While US economic data has been mixed, with employment and manufacturing holding up, companies across industries are starting to paint a grimmer picture of the economy. Conditions in Asia and Europe also appear to be weighing on the US, where consumers are shifting spending into travel and concerts and away from online shopping.

FedEx’s stock plunged 21% Friday in New York, the biggest one-day drop since at least 1980. At $161.02, the shares fell to the lowest level since July 2020.

Put simply, it was an “ugly quarter,” according to Robert W. Baird & Co. analyst Garrett Holland. “Global freight demand has significantly deteriorated.”

Analysts with Deutsche Bank AG went further, calling it “the weakest set of results we’ve seen relative to expectations” in about two decades of analyzing companies.

FedEx’s announcement added to the growing gloom from companies across industries. General Electric Co.’s chief financial officer warned Thursday that the company is seeing pressure on cash flow amid supply-chain snags, while industrial titans U.S. Steel Corp., Alcoa Corp. and Nucor Corp. have said deliveries are waning. The chief executive officer of McDonald’s Corp. said earlier this week he expects a minor US recession in 2023 and a more significant one in Europe.

Recalibrated Spending

At the same time, retailers such as Walmart Inc. and Target Corp. have scaled back expectations as consumers recalibrate their spending. In August, shipping containers arriving in Los Angeles — the US’s busiest port — fell by the most since the early days of the pandemic, which is another sign that demand is moderating.

FedEx’s bleak comments are a setback for its new CEO, Raj Subramaniam, who had won investor support shortly after taking the reins in June by raising the dividend, agreeing to revamp the board and laying out a multiyear plan to boost profit. Subramaniam now must steer the courier through a post-pandemic economy in which consumers are spending more on services than discretionary purchases.

Earnings, excluding some items, for the fiscal first quarter were projected to be $3.44 a share, Fedex said in a statement late Thursday detailing preliminary results. That’s well short of the $5.10 average estimate of analysts. Preliminary revenue of $23.2 billion in the period ended Aug. 31 narrowly missed expectations.
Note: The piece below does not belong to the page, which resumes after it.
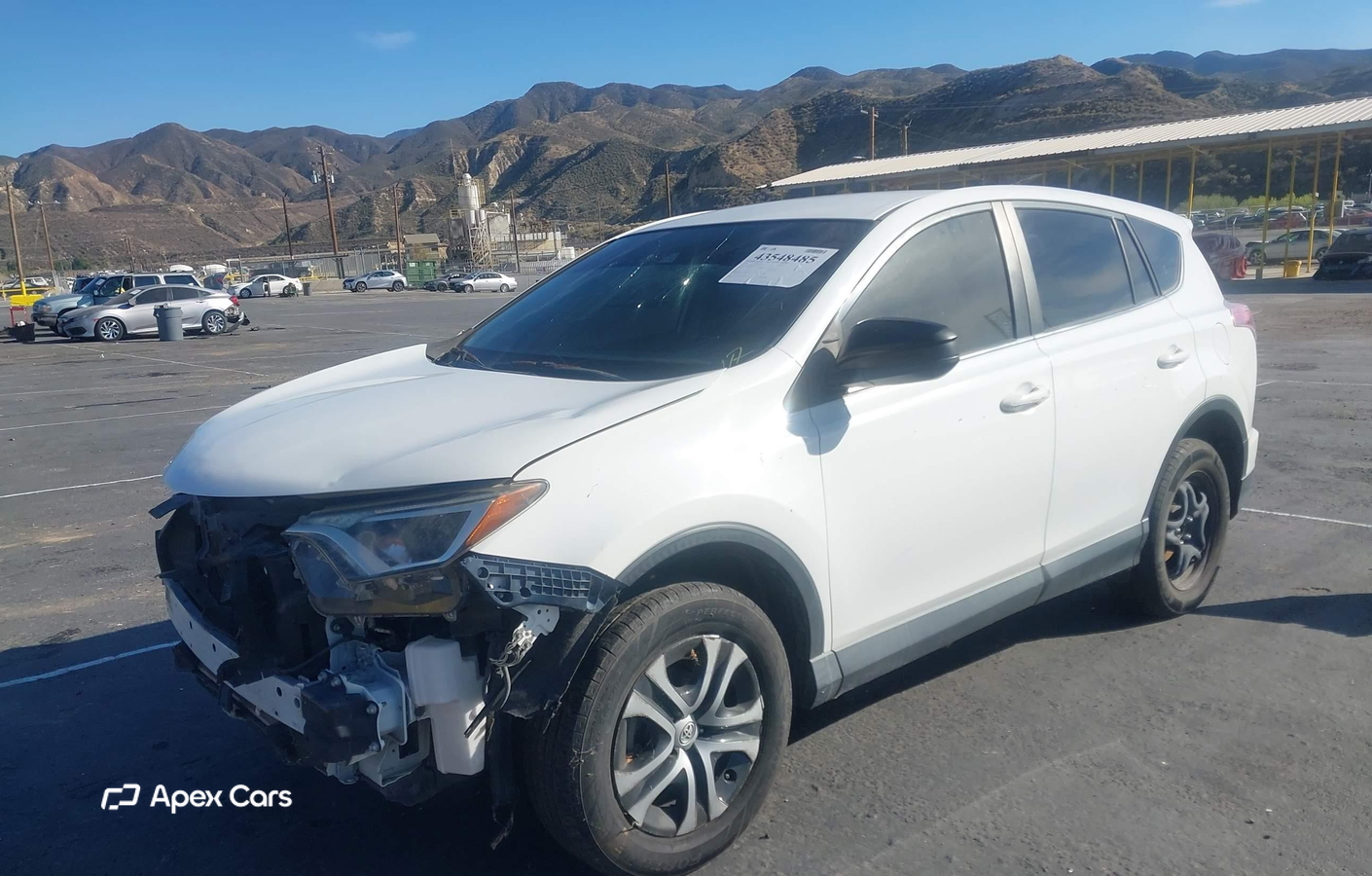 Toyota RAV 4 2018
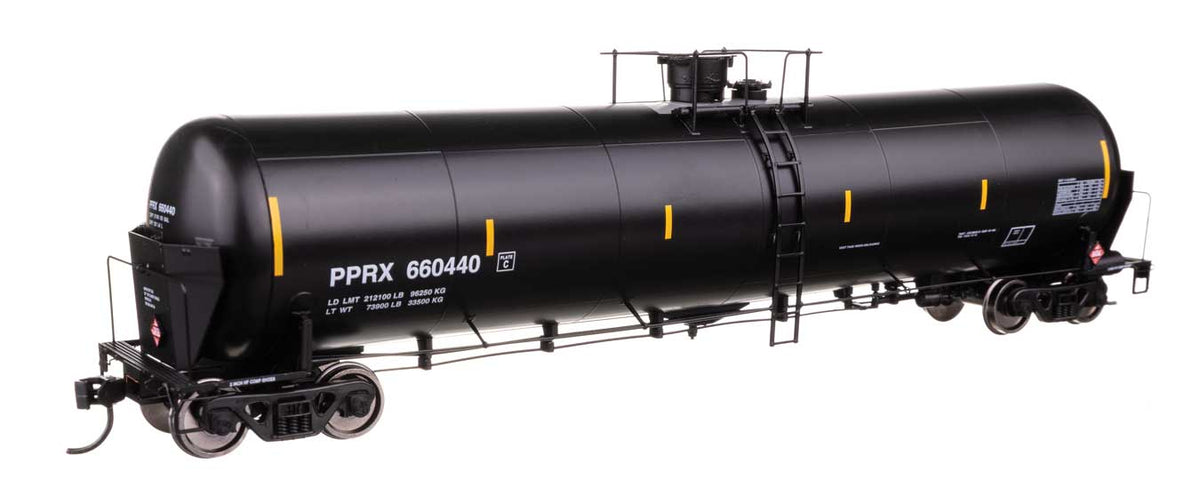55' Trinity Modified 30,145-Gallon Tank Car - Ready to Run -- Conoco Phillips PPRX #660440-2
What Bloomberg Intelligence Says:

Freight transportation shares are reeling after FedEx’s FY1Q pre-announcement that came in well below expectations. There’s no doubt that global demand is moderating, but most of the headwinds FedEx is facing are more company specific in nature.

— Lee Klaskow, transportation analyst

Click here to read the research

“Global volumes declined as macroeconomic trends significantly worsened later in the quarter, both internationally and in the US,” Subramaniam said in the statement.

The news triggered a raft of downgrades and price target cuts from Wall Street analysts. UBS AG analyst Thomas Wadewitz said the Express business is the primary driver of weak performance, though Ground operations also missed estimates.

“Express operating income was 75.8% lower than our forecast and Ground operating income 7.5% lower than our forecast,” Wadewitz said in a note to clients. “While we understand that Express is an asset-intensive business with a high fixed cost structure, we have a difficult time understanding what items could drive operating income lower to the extent seen.”

Most Read from Bloomberg Businessweek

©2022 Bloomberg L.P.

Adblock test (Why?)



Source link

Continue Reading

Business

Roots sees room for expansion in activewear, reports $5.2M Q2 loss and sales drop

Published

 on

 

TORONTO – Roots Corp. may have built its brand on all things comfy and cosy, but its CEO says activewear is now “really becoming a core part” of the brand.

The category, which at Roots spans leggings, tracksuits, sports bras and bike shorts, has seen such sustained double-digit growth that Meghan Roach plans to make it a key part of the business’ future.

“It’s an area … you will see us continue to expand upon,” she told analysts on a Friday call.

The Toronto-based retailer’s push into activewear has taken shape over many years and included several turns as the official designer and supplier of Team Canada’s Olympic uniform.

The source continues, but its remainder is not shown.